One Year Surgiversary

So today marks the one year anniversary of my life-changing surgery.  I had my checkup with my surgeon yesterday and got the best surprise.

You see, I have a scale that is consistent but not accurate.  It has consistently throughout this process weighed me 5 lbs lighter than the doctor’s scales.  I thought I could trust it.  Yesterday morning, I got on and it said 198# which I converted in my head to 203#.  I had been down to right at 200# and had been waiting to break into what WLS peeps call “ONE-der-land”.  I’d perversely hoped that it would happen for my check up day.  But alas, weight fluctuations happen and while I wasn’t upset about the seeming gain, I was a little disappointed to have my official 1-year weight over 200#.

But, when I got on my doctor’s scales, this is what was displayed:  199.74# with a BMI of 29.5 – which made me VERY happy.

A BMI of under 30 means I am no longer clinically obese, now I’m just overweight.  I actually reached that point a few pounds ago, but this is the first time it’s been recorded in my chart.

I don’t like the BMI for a lot of reasons, but it is the measurement that’s used most often clinically.  So getting that “Obesity” classification off my record is a big win.
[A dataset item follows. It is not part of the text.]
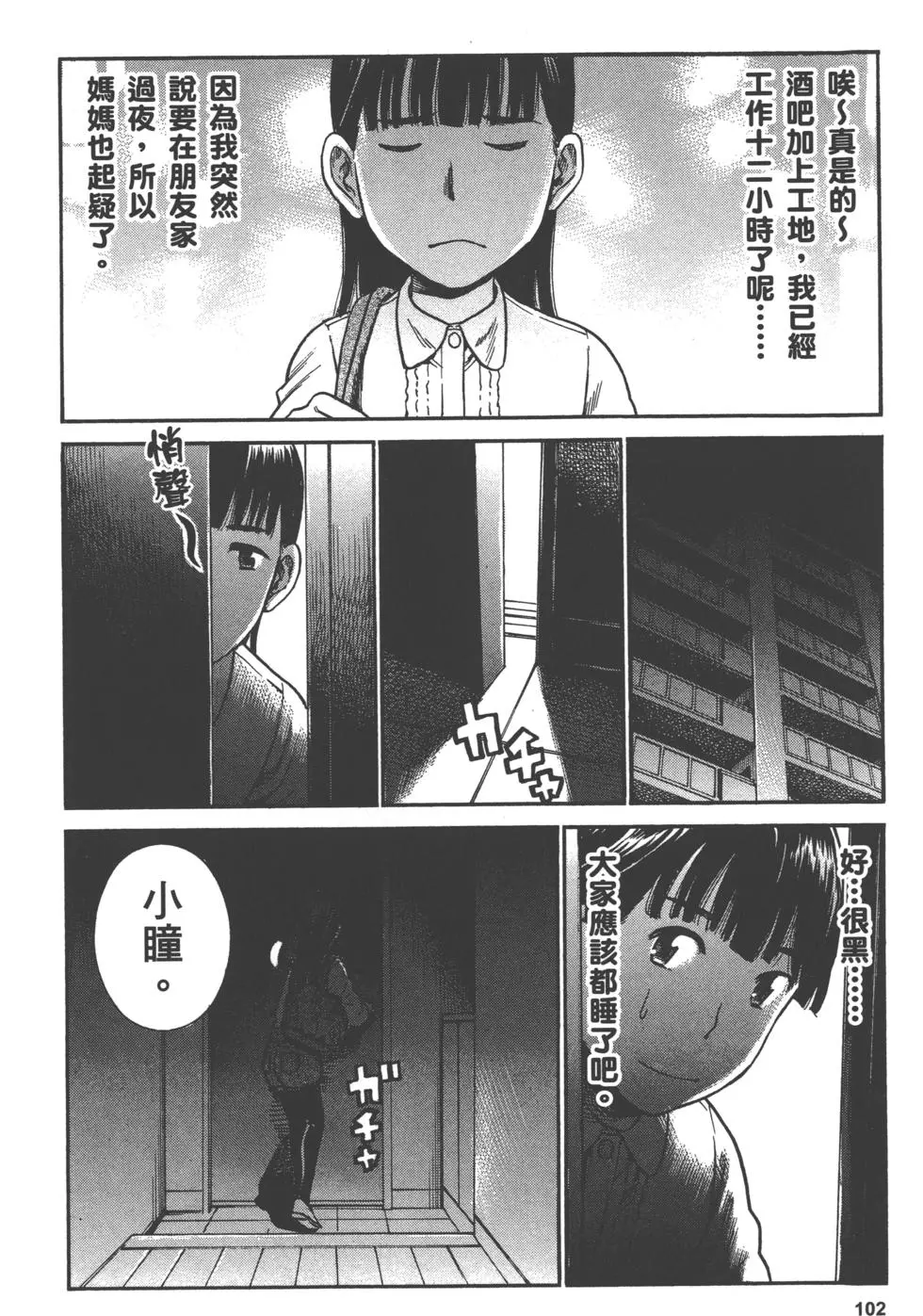 第102页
I don’t usually post a lot of pictures on this blog, but today’s a special day.  Here’s where I started.  The picture on the left was a few years ago at my nephew’s wedding, the one on the right is my wedding in 2015.  I topped out at 306# a little after this.  I don’t actually have any pictures of me at my highest weight.

 

 

Here’s my pics today:

 

And a face-to-face comparison from just before surgery to now.  This is where I think the weight loss REALLY shows:

I’ve already written about the health improvements I’ve seen from the WLS.  While I’m afraid that my rheumatic disease is not, in fact, in remission, the other improvements are amazing.
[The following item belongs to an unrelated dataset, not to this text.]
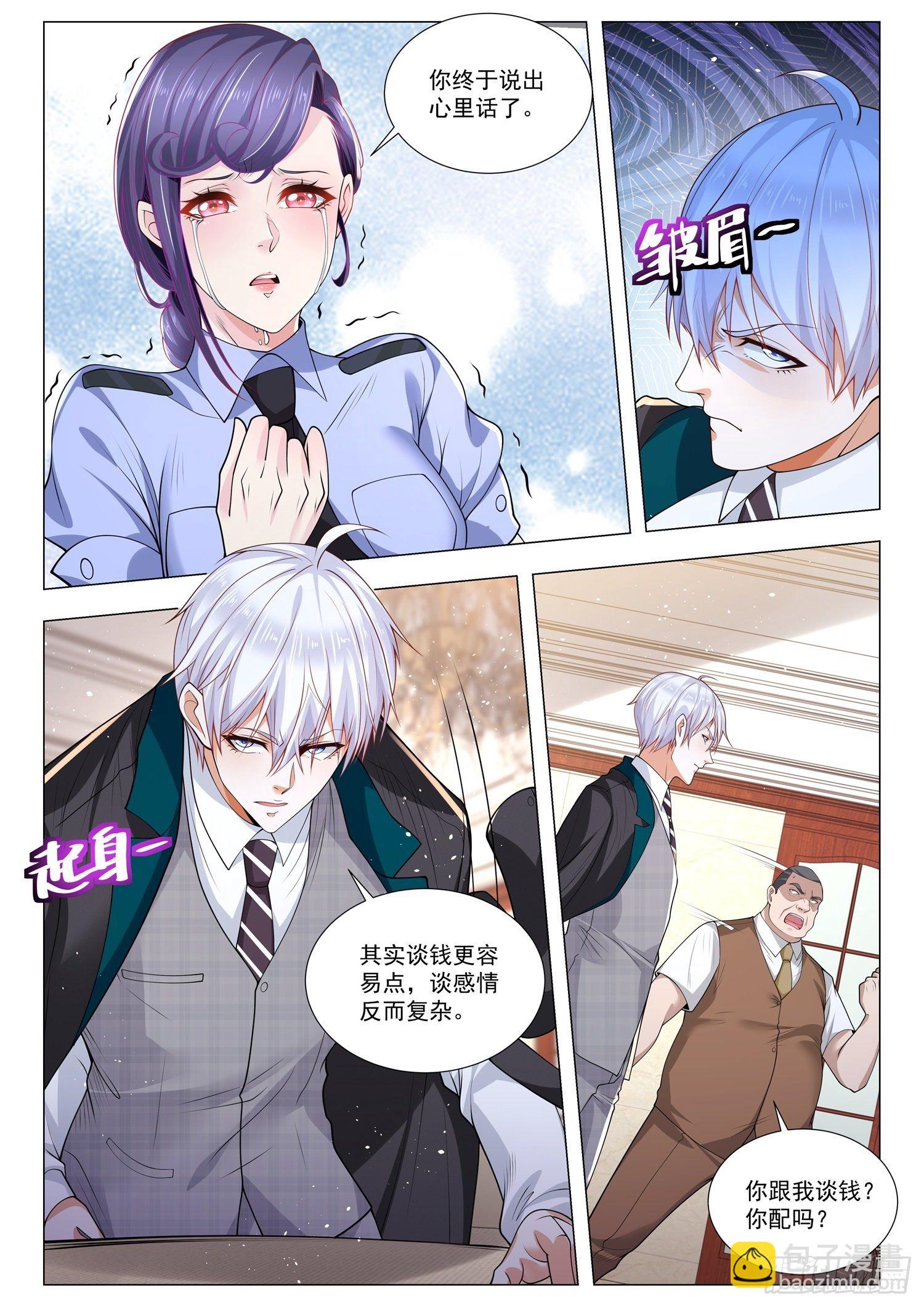 🍱神豪之天降系统 第399话 你很穷 第10页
I was setting up my pills today for the next couple of weeks and kept looking for more pills.  That can’t be all the medicine I take!  Yep.  I now have only 4 prescriptions I take regularly – my allergy medication (one pill and a nose spray), my proton-pump inhibitor to protect my sleeve from meds, and my cholesterol pill.  I hope to lose the cholesterol pill soon as well.  I do still have migraine medicine for when I need it, but no longer take a preventative.  Even with the vitamins and supplements I need to take, I’m taking MUCH less each day than I used to.

So 1 year out.  Not quite to goal, but under 200# and that’s amazing.